# Work order
Using the entries that follow, write out the line containing "Second, very important, is", the line containing "Next, we're going", and every line between them, exactly and nothing else.

# Records for the task

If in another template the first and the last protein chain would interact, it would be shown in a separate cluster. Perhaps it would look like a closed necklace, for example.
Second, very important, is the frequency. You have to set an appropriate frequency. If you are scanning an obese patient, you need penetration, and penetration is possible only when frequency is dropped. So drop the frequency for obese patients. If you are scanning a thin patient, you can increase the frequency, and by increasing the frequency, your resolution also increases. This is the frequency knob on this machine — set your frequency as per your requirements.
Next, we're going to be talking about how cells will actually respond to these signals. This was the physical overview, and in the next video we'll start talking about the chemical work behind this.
==
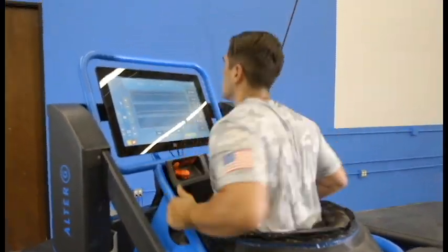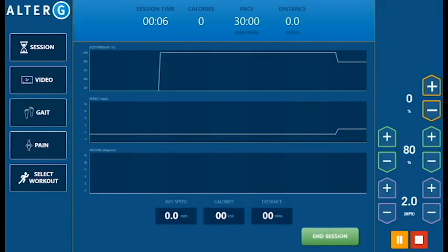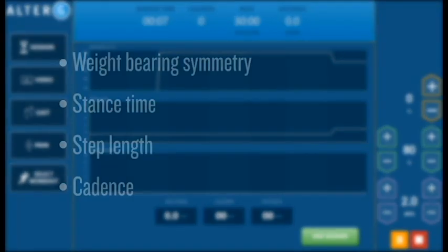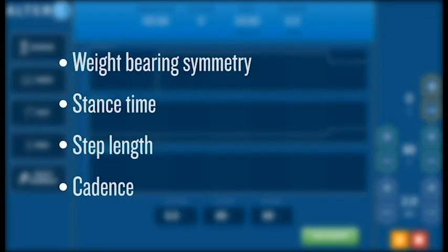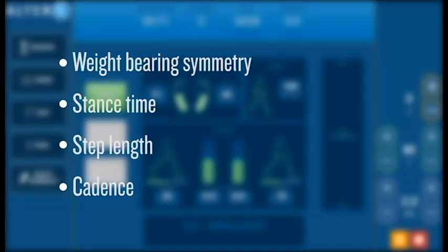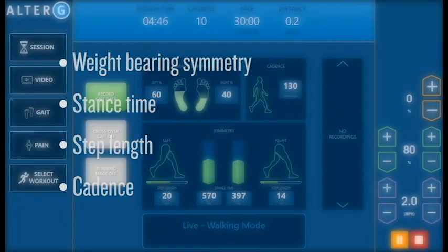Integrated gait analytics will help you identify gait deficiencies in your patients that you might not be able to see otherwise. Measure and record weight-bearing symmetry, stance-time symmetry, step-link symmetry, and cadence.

# Answer to this task
Second, very important, is the frequency. You have to set an appropriate frequency. If you are scanning an obese patient, you need penetration, and penetration is possible only when frequency is dropped. So drop the frequency for obese patients. If you are scanning a thin patient, you can increase the frequency, and by increasing the frequency, your resolution also increases. This is the frequency knob on this machine — set your frequency as per your requirements.
Next, we're going to be talking about how cells will actually respond to these signals. This was the physical overview, and in the next video we'll start talking about the chemical work behind this.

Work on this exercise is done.